Der Dunkelhaarige nippte an dem Heißgetränk, betrachtete sein Gegenüber eingehend, ehe er die Stirn kraus zog.

"Es macht übrigens keinen besonders seriösen Eindruck, wenn du mich die ganze Zeit wie ein verliebtes Schulmädchen angrinst."

Jin entglitten bei seiner Anmerkung die Gesichtszüge: "Entschuldige.", stotterte er.

Fassungslos drehte er den Kopf weg. Versuchte, sich wieder einigermaßen unter Kontrolle zu bringen.

Er hatte überhaupt nicht gemerkt, dass er wirklich, seit er den Tatort betreten und Namjoon entdeckt hatte, dümmlich gelächelt hatte. Hoffentlich war es niemandem der Umstehenden aufgefallen.

Ein kurzer Blick in die Umgebung zeigte ihm jedoch, dass alle brav mit ihrer Arbeit beschäftigt waren und somit auch gar keine Zeit hatten, auf einen wasserstoffblonden Reporter zu achten, der blöd in die Landschaft griente.

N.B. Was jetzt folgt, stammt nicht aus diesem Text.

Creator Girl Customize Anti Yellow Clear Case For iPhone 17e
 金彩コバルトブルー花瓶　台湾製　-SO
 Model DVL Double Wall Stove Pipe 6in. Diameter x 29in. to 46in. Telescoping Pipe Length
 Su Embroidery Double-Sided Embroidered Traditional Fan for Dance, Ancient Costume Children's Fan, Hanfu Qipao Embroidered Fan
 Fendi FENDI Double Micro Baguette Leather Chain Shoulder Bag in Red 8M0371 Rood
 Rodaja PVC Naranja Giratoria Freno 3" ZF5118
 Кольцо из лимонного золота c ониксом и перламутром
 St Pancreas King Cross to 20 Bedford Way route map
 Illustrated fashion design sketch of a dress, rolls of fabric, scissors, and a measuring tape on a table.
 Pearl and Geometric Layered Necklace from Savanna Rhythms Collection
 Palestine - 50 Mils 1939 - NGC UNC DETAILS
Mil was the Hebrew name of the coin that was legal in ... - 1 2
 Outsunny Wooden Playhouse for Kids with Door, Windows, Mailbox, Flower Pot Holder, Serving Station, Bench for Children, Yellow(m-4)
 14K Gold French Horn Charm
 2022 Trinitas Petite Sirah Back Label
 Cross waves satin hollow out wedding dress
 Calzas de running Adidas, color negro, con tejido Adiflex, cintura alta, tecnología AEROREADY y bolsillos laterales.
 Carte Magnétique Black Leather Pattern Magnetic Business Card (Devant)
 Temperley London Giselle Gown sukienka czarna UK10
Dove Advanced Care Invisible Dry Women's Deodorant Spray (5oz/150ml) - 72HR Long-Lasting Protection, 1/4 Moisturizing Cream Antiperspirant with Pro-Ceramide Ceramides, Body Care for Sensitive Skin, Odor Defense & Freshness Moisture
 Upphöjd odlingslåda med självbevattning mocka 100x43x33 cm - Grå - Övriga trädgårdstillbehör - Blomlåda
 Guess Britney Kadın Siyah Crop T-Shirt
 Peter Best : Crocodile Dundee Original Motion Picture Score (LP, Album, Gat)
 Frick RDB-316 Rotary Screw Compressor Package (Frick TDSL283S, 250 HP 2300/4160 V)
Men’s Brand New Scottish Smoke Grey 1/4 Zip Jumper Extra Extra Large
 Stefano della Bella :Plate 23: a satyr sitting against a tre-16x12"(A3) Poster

"Also, was haben wir?", räusperte sich Jin schließlich und versuchte wieder die Dialoge aus einschlägigen Krimis aufzulegen.

"Die Mitbewohnerin.", antworte Namjoon mit Blick auf den abgesperrten Bereich direkt am Ufer des Hangang-Rivers. "Laut Rechtsmedizin liegt sie wohl etwas um die zwei Wochen im Wasser und wurde heute Nacht angespült."

"Vor den Toren Gangnams.", sinnierte Jin und schaute nachdenklich auf die gegenüberliegende Flussseite, welche von den hell erleuchteten Hochhäusern der Innenstadt gesäumt war.

"Durch den Aufenthalt im Wasser wurde die Verwesung zwar beschleunigt, aber das Opfer dürfte ungefähr zeitgleich mit dem dritten Opfer ermordet worden sein.", las Namjoon aus dem Bericht des Pathologen vor.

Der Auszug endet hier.